Saved data entries
------------

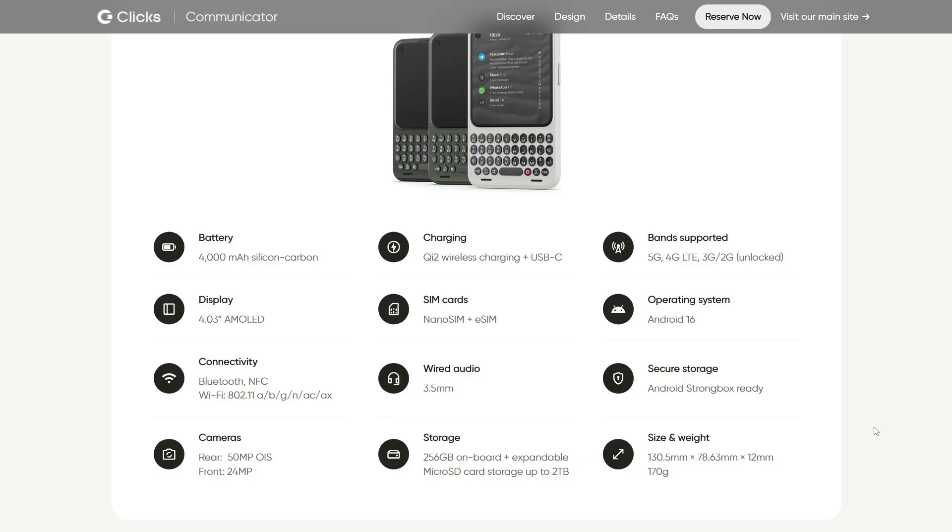A Linux phone. An actual Linux phone. And you wouldn't believe it, but the Clicks Communicator is getting attention already even before its release. Now, the Linux idea might sound a bit silly at first, but it makes sense.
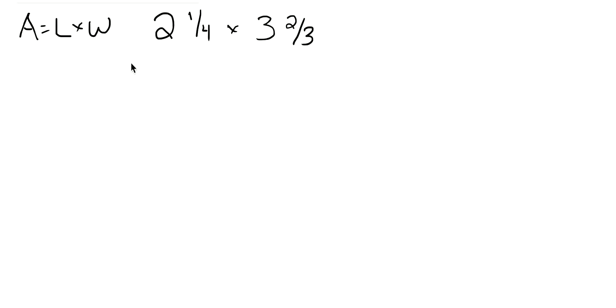So in order to do that, we have to turn those into improper fractions. So 2 times 4 is 8, plus 1 equals 9, and we're going to have that over a denominator of 4.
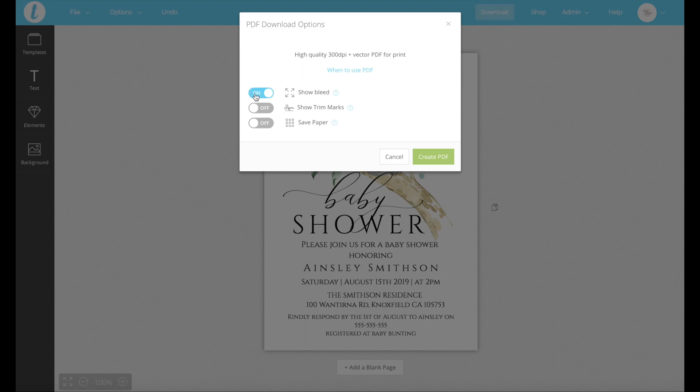The bleed is showing the margins so that way when you print it, none of the image or the text is cut off. You'll definitely want the trim marks on. Because our invitation is white, if we printed that on white paper, we wouldn't know where to cut. So trim marks are guidelines on where to cut.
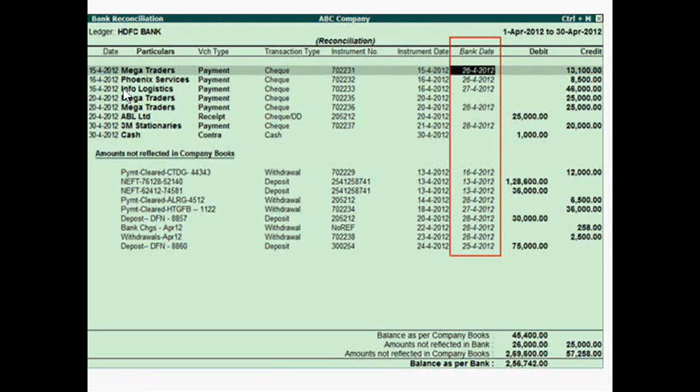The reason behind the differences shown is that some transactions have not yet been passed in your book or in the bank's book. These transactions will be passed in the future, which is why they appear as unreconciled items.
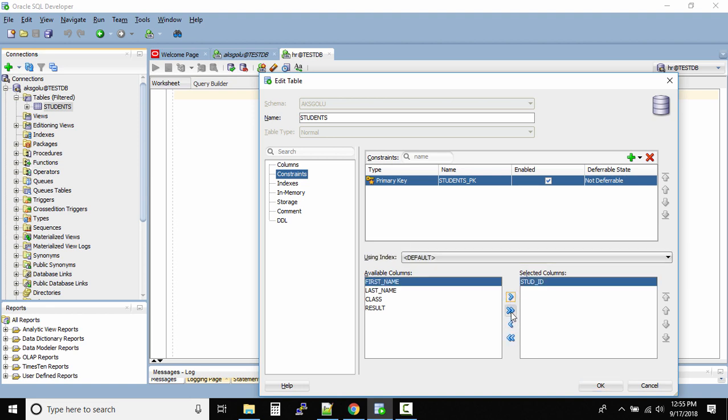Don't click on this double arrow because it will push all the columns from here to the right side. And let's say you put a wrong column name, then select the column name over here and then you click on this arrow.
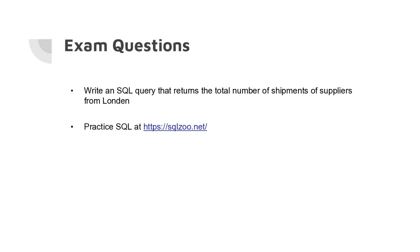Cypher is a query language used in graph databases, but we're not going to use that. Spark will be covered after the Easter holiday when we talk about MapReduce and distributed programming. Any more questions?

------------

Send back every line above exactly, skipping all pictures.

A Linux phone. An actual Linux phone. And you wouldn't believe it, but the Clicks Communicator is getting attention already even before its release. Now, the Linux idea might sound a bit silly at first, but it makes sense.
So in order to do that, we have to turn those into improper fractions. So 2 times 4 is 8, plus 1 equals 9, and we're going to have that over a denominator of 4.
The bleed is showing the margins so that way when you print it, none of the image or the text is cut off. You'll definitely want the trim marks on. Because our invitation is white, if we printed that on white paper, we wouldn't know where to cut. So trim marks are guidelines on where to cut.
The reason behind the differences shown is that some transactions have not yet been passed in your book or in the bank's book. These transactions will be passed in the future, which is why they appear as unreconciled items.
Don't click on this double arrow because it will push all the columns from here to the right side. And let's say you put a wrong column name, then select the column name over here and then you click on this arrow.
Cypher is a query language used in graph databases, but we're not going to use that. Spark will be covered after the Easter holiday when we talk about MapReduce and distributed programming. Any more questions?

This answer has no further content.